Your assignment:
Entries below include pictures. Output exactly the lines from the one with "Fifty Shades of" down to the one with "Faith Based: Religious", both ends included, and leave the pictures out.

Supplied records:
━━━━━━
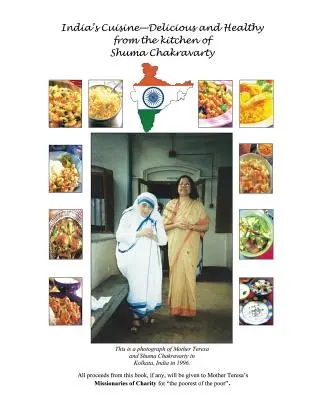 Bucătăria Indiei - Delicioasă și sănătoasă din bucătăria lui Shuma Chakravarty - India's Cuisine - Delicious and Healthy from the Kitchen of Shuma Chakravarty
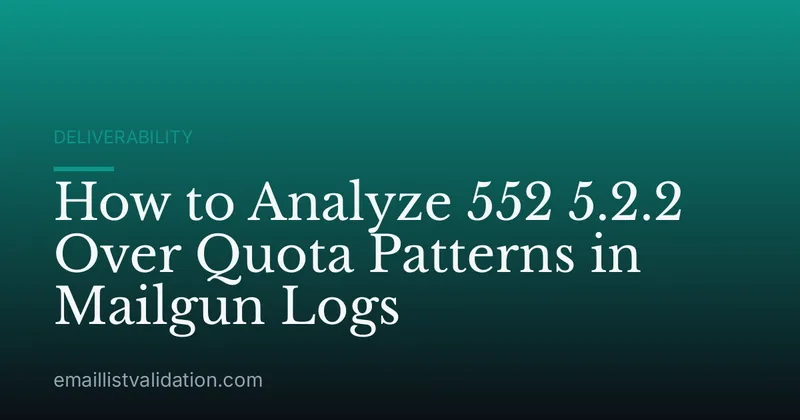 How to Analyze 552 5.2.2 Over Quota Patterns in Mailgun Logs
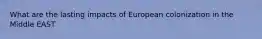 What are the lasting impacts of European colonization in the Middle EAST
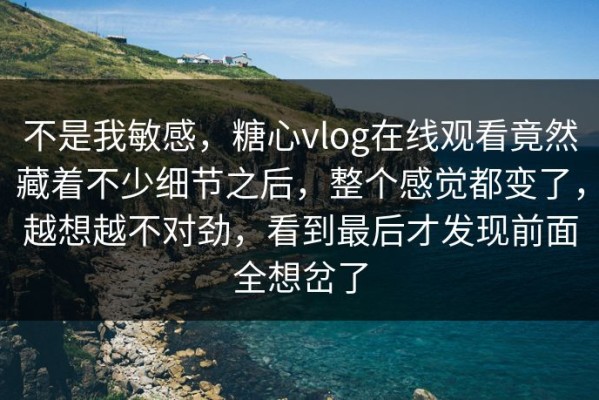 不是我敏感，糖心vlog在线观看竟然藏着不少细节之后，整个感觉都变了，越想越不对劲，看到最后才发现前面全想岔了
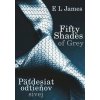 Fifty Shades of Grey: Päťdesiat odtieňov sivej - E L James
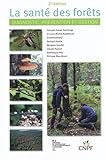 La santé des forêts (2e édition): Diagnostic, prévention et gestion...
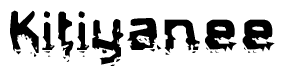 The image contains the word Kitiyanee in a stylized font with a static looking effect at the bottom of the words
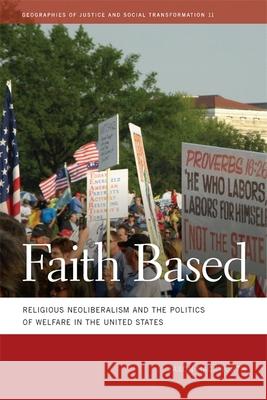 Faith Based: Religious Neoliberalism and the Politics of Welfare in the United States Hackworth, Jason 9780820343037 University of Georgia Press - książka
━━━━━━
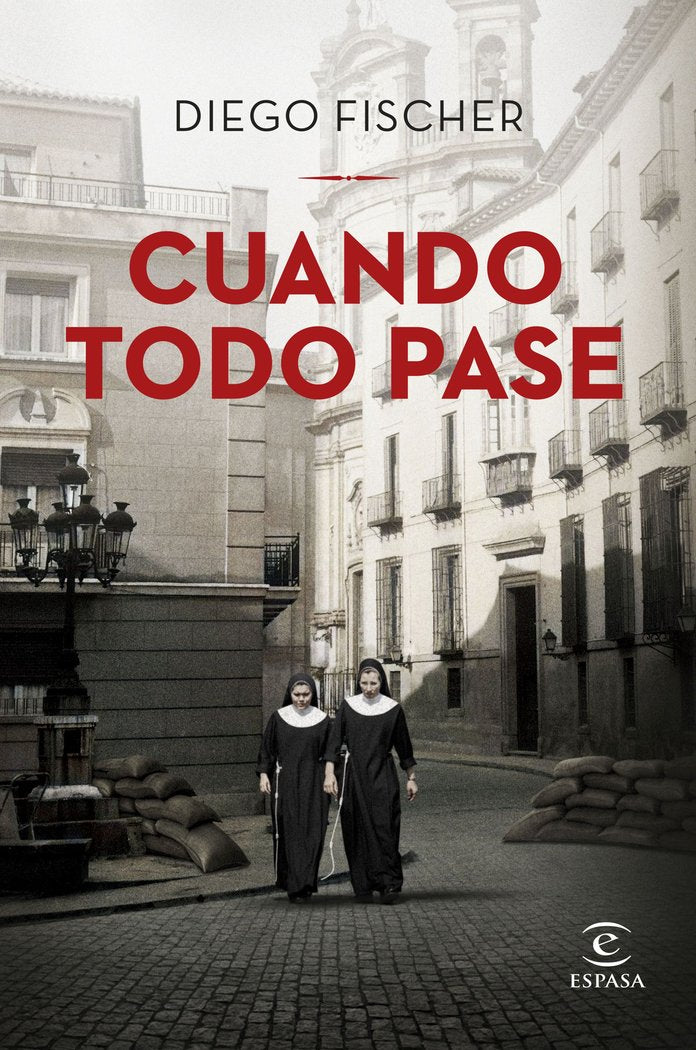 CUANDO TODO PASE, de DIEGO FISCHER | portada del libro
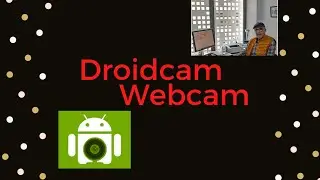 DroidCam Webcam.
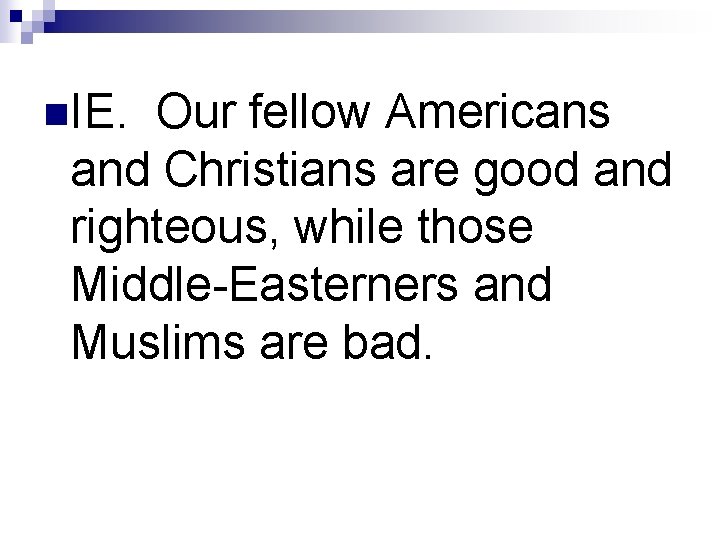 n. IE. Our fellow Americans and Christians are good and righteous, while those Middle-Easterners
━━━━━━
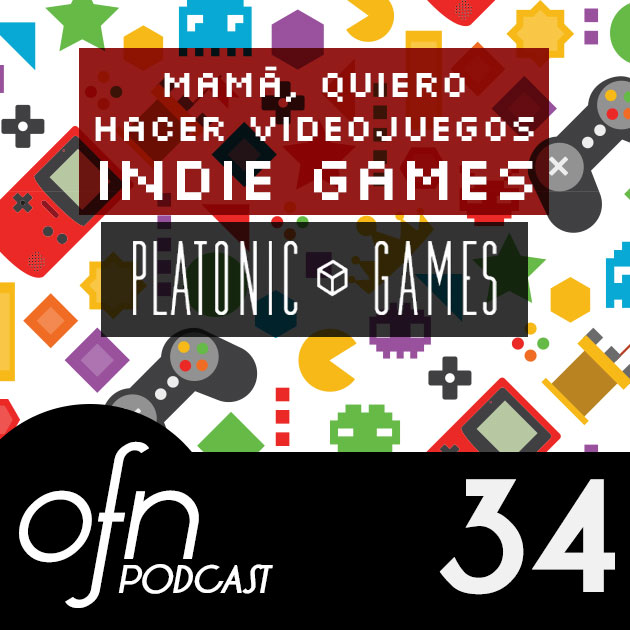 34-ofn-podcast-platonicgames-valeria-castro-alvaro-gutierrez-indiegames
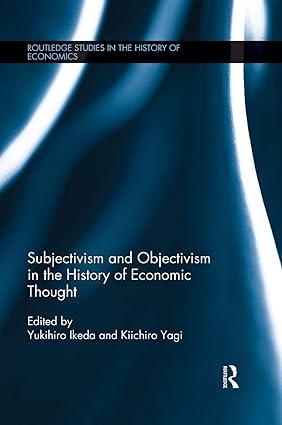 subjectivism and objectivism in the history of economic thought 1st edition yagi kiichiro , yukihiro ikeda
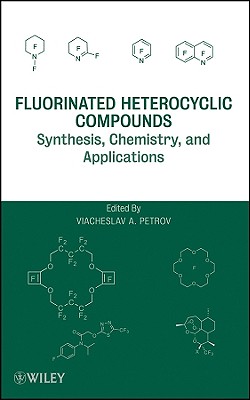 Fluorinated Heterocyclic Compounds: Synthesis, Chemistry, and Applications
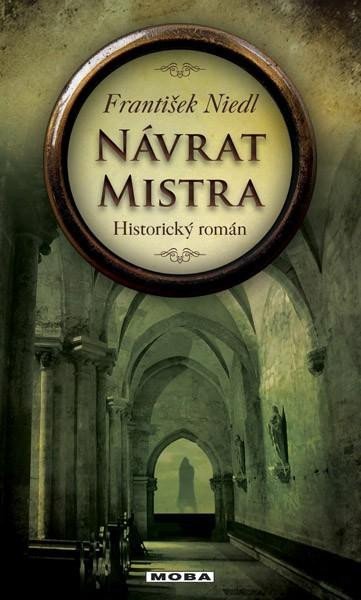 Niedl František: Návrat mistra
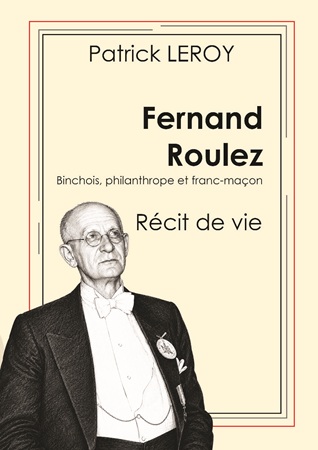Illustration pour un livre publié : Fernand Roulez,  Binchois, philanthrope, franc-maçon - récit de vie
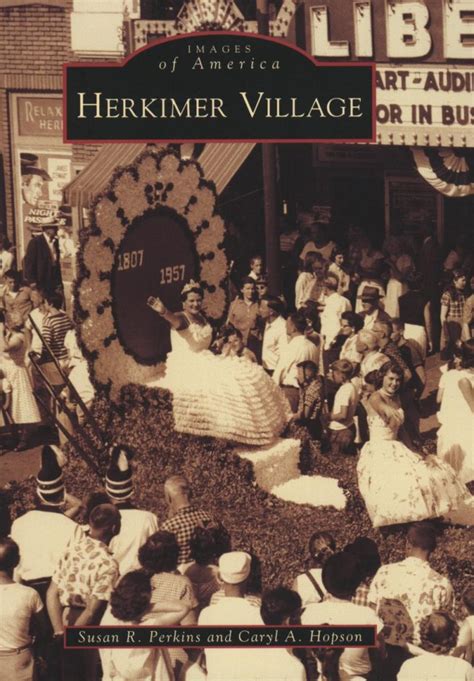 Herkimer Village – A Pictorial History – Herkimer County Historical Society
━━━━━━
Expected answer:
 Fifty Shades of Grey: Päťdesiat odtieňov sivej - E L James
 La santé des forêts (2e édition): Diagnostic, prévention et gestion...
 The image contains the word Kitiyanee in a stylized font with a static looking effect at the bottom of the words
 Faith Based: Religious Neoliberalism and the Politics of Welfare in the United States Hackworth, Jason 9780820343037 University of Georgia Press - książka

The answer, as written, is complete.